**TASK PROMPT**
Report back each line of the data that contains the word "look".

BEGIN EXERCISE MATERIAL

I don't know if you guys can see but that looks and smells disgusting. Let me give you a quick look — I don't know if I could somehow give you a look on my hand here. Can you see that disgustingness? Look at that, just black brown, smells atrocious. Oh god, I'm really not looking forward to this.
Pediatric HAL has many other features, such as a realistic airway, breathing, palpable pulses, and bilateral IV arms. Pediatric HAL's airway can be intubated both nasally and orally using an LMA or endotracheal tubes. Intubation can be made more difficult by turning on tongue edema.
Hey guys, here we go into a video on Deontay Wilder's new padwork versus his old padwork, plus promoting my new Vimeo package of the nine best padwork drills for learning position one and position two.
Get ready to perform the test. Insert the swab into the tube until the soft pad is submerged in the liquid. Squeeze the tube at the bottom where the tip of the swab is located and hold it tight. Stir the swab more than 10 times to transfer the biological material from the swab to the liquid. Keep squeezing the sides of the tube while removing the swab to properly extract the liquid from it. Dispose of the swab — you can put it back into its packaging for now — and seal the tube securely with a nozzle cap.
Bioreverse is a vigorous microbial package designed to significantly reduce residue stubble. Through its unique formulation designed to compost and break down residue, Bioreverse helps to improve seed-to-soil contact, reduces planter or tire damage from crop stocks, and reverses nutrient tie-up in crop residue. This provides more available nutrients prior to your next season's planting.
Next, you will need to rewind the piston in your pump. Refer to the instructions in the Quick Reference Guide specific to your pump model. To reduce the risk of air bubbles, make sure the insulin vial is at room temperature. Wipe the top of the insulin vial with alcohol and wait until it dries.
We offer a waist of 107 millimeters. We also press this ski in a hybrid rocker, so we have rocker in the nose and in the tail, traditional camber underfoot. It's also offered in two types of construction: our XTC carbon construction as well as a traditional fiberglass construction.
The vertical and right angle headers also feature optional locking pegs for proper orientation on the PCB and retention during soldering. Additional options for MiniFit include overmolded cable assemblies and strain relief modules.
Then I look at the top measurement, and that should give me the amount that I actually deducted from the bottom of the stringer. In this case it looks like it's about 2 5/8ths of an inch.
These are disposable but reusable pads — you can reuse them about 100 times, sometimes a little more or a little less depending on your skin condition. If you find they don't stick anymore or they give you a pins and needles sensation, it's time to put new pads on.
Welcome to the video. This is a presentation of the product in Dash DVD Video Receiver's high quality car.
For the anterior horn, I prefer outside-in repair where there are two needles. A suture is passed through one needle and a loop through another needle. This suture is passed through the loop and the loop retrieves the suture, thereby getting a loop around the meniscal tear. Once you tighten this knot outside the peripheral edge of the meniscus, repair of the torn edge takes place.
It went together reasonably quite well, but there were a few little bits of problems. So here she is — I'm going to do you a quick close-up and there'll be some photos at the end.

END EXERCISE MATERIAL

**EXPECTED ANSWER**
I don't know if you guys can see but that looks and smells disgusting. Let me give you a quick look — I don't know if I could somehow give you a look on my hand here. Can you see that disgustingness? Look at that, just black brown, smells atrocious. Oh god, I'm really not looking forward to this.
Then I look at the top measurement, and that should give me the amount that I actually deducted from the bottom of the stringer. In this case it looks like it's about 2 5/8ths of an inch.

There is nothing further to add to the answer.